### What you need to do
In the records below, find the line containing "Aveniee Corner Bathroom" and the line containing "team kebab - Sweat"; please repeat exactly the lines from one to the other, both included, and nothing more.

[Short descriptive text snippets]
------------------------------

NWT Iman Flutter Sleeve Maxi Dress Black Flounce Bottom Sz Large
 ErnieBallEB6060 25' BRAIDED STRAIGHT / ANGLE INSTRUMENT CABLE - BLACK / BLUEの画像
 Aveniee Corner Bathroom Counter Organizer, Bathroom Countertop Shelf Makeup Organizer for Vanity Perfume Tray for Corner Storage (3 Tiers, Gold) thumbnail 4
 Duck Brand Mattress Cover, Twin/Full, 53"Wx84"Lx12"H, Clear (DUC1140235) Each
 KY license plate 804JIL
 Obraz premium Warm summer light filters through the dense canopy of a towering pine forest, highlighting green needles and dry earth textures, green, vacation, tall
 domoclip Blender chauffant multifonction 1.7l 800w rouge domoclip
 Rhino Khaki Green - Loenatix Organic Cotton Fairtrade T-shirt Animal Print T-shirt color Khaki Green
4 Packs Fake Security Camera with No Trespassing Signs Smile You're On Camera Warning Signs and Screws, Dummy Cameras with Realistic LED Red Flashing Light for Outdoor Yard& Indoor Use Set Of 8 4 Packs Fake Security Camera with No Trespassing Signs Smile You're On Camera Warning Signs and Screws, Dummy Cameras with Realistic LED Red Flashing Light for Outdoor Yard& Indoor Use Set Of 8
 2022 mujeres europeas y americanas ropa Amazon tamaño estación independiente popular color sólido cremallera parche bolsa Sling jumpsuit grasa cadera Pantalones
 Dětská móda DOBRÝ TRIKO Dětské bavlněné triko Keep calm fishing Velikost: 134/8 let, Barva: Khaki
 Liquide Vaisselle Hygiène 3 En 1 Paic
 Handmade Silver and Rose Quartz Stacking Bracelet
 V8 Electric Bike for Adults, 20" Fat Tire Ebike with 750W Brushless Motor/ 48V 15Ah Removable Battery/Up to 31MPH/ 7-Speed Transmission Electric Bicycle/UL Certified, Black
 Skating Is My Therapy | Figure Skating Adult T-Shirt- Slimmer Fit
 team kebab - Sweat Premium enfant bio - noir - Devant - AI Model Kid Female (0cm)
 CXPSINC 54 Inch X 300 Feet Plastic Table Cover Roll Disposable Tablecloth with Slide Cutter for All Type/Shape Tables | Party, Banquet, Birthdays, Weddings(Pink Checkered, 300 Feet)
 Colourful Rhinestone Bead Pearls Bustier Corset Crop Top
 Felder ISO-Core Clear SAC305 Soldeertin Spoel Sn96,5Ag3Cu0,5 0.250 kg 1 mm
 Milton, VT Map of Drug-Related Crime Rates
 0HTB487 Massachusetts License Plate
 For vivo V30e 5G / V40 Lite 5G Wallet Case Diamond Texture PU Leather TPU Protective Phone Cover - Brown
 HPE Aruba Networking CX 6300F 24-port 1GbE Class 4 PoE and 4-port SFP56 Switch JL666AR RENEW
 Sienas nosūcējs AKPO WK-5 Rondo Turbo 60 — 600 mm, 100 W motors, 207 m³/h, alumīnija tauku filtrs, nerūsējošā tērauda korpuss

------------------------------

### Finished exercise
 Aveniee Corner Bathroom Counter Organizer, Bathroom Countertop Shelf Makeup Organizer for Vanity Perfume Tray for Corner Storage (3 Tiers, Gold) thumbnail 4
 Duck Brand Mattress Cover, Twin/Full, 53"Wx84"Lx12"H, Clear (DUC1140235) Each
 KY license plate 804JIL
 Obraz premium Warm summer light filters through the dense canopy of a towering pine forest, highlighting green needles and dry earth textures, green, vacation, tall
 domoclip Blender chauffant multifonction 1.7l 800w rouge domoclip
 Rhino Khaki Green - Loenatix Organic Cotton Fairtrade T-shirt Animal Print T-shirt color Khaki Green
4 Packs Fake Security Camera with No Trespassing Signs Smile You're On Camera Warning Signs and Screws, Dummy Cameras with Realistic LED Red Flashing Light for Outdoor Yard& Indoor Use Set Of 8 4 Packs Fake Security Camera with No Trespassing Signs Smile You're On Camera Warning Signs and Screws, Dummy Cameras with Realistic LED Red Flashing Light for Outdoor Yard& Indoor Use Set Of 8
 2022 mujeres europeas y americanas ropa Amazon tamaño estación independiente popular color sólido cremallera parche bolsa Sling jumpsuit grasa cadera Pantalones
 Dětská móda DOBRÝ TRIKO Dětské bavlněné triko Keep calm fishing Velikost: 134/8 let, Barva: Khaki
 Liquide Vaisselle Hygiène 3 En 1 Paic
 Handmade Silver and Rose Quartz Stacking Bracelet
 V8 Electric Bike for Adults, 20" Fat Tire Ebike with 750W Brushless Motor/ 48V 15Ah Removable Battery/Up to 31MPH/ 7-Speed Transmission Electric Bicycle/UL Certified, Black
 Skating Is My Therapy | Figure Skating Adult T-Shirt- Slimmer Fit
 team kebab - Sweat Premium enfant bio - noir - Devant - AI Model Kid Female (0cm)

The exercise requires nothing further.